La pénurie de logements n'est pas particulière au Québec. En fait, 61 % des principales villes canadiennes recensées par la Société canadienne d'hypothèques et de logement (SCHL) étaient en situation de pénurie en octobre 2003. Cela vient confirmer que cette pénurie n'est pas causée par un contexte propre au Québec (le contrôle des loyers et la législation) mais plutôt par des facteurs sociodémographiques plus larges.

Le marché immobilier résidentiel présente certaines caractéristiques qu'il faut bien comprendre pour expliquer la pénurie actuelle de logements.

- Les constructeurs peuvent facilement orienter leur production vers les constructions les plus rentables. La proportion de logements mis en chantier destinés à un propriétaire occupant s'est considérablement accrue au détriment du marché locatif depuis 1986.

- Les ménages fortunés ont une capacité de substitution élevée comparativement aux ménages pauvres. Ces derniers font les frais, plus que tout autre groupe, d'une pénurie de logements. Selon la SCHL, le taux d'inoccupation des logements haut de gamme en octobre 2003 était à 3,5 %, ceux de moyenne gamme à 1,2 % et ceux de bas de gamme à 0,4 %. Comme le marché est à l'équilibre lorsque le taux d'inoccupation est à 3 %, c'est donc dire que le marché haut de gamme n'était pas en situation de pénurie à cette période.

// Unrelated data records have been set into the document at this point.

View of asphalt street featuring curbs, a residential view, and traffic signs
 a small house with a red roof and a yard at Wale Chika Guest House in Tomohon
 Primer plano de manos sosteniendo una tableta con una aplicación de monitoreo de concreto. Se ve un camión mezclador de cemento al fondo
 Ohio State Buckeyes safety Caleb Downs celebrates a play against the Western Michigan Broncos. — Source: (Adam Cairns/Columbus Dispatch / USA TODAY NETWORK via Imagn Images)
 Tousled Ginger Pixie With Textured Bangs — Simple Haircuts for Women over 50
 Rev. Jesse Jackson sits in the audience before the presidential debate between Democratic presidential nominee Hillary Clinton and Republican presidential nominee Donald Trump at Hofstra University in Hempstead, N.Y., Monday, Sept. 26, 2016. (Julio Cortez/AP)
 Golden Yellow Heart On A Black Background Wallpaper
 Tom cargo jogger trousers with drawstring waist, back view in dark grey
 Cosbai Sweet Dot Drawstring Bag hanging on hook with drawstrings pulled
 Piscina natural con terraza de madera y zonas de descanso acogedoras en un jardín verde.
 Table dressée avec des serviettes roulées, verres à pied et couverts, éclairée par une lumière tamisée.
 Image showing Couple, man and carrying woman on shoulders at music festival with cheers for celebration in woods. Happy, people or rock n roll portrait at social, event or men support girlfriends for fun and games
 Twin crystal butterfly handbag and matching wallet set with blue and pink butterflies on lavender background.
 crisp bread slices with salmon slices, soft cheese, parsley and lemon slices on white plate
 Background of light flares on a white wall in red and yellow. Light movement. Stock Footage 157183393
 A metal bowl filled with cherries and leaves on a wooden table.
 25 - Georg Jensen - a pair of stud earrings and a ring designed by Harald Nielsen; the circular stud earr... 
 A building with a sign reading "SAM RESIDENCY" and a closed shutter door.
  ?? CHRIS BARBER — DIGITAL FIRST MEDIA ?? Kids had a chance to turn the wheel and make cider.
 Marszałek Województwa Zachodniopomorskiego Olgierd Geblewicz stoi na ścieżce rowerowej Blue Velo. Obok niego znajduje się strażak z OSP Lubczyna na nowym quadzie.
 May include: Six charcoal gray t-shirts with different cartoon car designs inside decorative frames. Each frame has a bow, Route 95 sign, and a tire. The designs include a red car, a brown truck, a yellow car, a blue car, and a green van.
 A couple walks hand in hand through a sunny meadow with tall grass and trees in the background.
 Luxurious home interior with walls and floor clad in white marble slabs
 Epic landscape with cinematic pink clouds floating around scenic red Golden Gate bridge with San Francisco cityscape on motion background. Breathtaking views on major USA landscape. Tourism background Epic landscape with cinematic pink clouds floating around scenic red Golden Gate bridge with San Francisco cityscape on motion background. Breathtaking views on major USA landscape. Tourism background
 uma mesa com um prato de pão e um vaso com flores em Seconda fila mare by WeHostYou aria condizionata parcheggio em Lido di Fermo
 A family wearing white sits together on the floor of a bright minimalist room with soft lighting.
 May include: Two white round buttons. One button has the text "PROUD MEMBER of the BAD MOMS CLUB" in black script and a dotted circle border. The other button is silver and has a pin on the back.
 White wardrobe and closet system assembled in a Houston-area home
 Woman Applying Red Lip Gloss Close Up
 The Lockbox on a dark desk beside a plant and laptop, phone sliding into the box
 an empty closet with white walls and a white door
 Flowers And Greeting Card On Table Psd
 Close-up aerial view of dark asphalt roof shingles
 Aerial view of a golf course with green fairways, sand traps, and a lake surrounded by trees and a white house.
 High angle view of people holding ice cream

- Les déséquilibres sur ce marché prennent beaucoup de temps à se résorber en raison des délais de réponse des entrepreneurs. Les délais inhérents à la conception, au financement, aux approbations réglementaires et à la réalisation des projets empêchent les entrepreneurs de s'adapter rapidement à la demande.

La rentabilité pour les propriétaires

Plusieurs intervenants ont avancé la faible rentabilité de la construction de logements locatifs pour expliquer leur retrait de ce secteur. Pourtant, en révisant quelques hypothèses d'une étude qui concluait à la faible rentabilité de l'immobilier, nous sommes arrivés à un constat fort différent. Selon notre scénario pessimiste, seule la construction d'immeubles à haute densité (125 logements) en banlieue offre un rendement inférieur à 8 %. Les autres constructions présentent une rentabilité supérieure à 8 % et la plus rentable — la construction d'immeubles à faible densité au centre-ville — offre même un rendement de 15,5 %. Selon notre scénario optimiste, toutes les combinaisons de types de construction sont rentables.

Ce n'est donc pas à cause de la faible rentabilité des logements locatifs que ce type de construction est abandonné mais plutôt parce que d'autres types de bâtiments (condos, maisons unifamiliales) affichent une rentabilité supérieure.

La pénurie de logements locatifs n'a donc été causée ni par le contrôle des loyers ni par la législation dans la construction, comme l'ont avancé certains groupes, mais bien par différents facteurs conjoncturels. Le marché immobilier est sujet à de forts déséquilibres qui tardent à se résorber et dont les principales victimes sont les plus démunis, ces constats appuyant une intervention publique pour garantir l'accès au logement.